The crease design references two formulas that relate different variables together. After thorough calculations and estimations, we designed a crease to be folded and manufactured into a torsion tower structure. The figures below demonstrate a detailed process of how we initiated the idea of designing torsion tower structures, finalized the formula and stretch references after conducting literature reviews, confirmed the numbers in the design like the length, width, height, and angle of the torsion tower structure, and created a two-dimensional drawing with AutoCAD.

Figure 2-1 and Figure 2-3 are referenced from researches conducted by professors at University of Illinois Urbana-Champaign on a crawling robot driven by multi-stable origami (Pagano et al., 2017).

Pagano, A., Yan, T., Chien, B., Wissa, A., & Tawfick, S. (2017). A crawling robot driven by multi-stable origami. Smart Materials and Structures, 26(9), 094007. https://doi.org/10.1088/1361-665x/aa721e

Detailed Design

We made two generations of the crease design. The first generation involves dividing the torsion tower structure into six rows and four layers and adding margins on the side for connection purposes. After experimenting with the first design, we learned that the horizontal creases might collapse inward when encountering resilience, causing the torsion tower structure to malfunction. The second generation has one more horizontal crease composed of three edges, increasing the strength of the horizontal creases and the robot's lifespan. The robot’s extended lifespan can better the innovation’s reputation in the community of farmers, environmental organizations, and governments as a reliable and sustainable robot, increasing the chance of positive feedback and potentially boosting the number of consumers and trading volumes.

When the torsion tower structure is damaged because of conditions like collapsing or over-twistings, the modularization of the robot allows consumers to buy and substitute only the torsion tower structure but not other parts of the robot at a low cost.

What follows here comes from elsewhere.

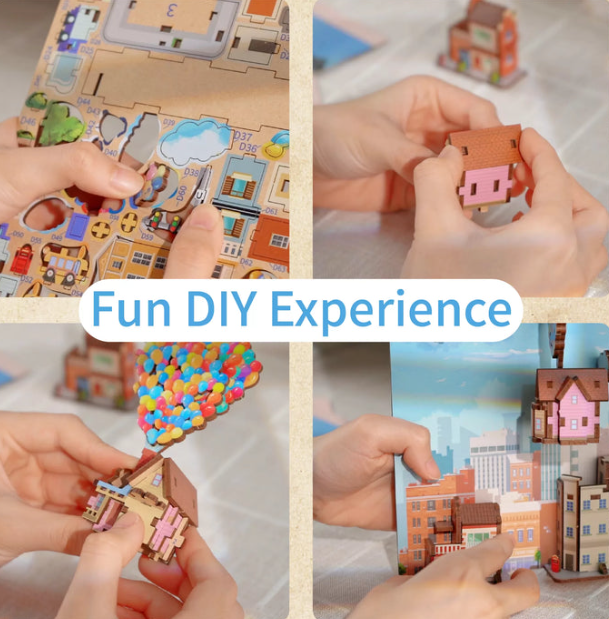 3D-Treppenpuslespill DIY-Bokhjørnesett | Skanto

The modular substitution nature of the robot also emphasizes reusing under the framework of environmentalism as it allows the robot to be repaired by only purchasing the torsion tower structure and avoids the need to consume and produce other components of the robot.

Compared to those made from polyvinyl chloride, polypropylene, polyimide film, and printing paper, the torsion tower structure made from kraft paper is the best because it is easy to fold and twist, does not collapse easily, and has hard edges and corners after folding. The three characteristics can extend the robot’s lifespan and avoid the need to purchase the robot again in a short period.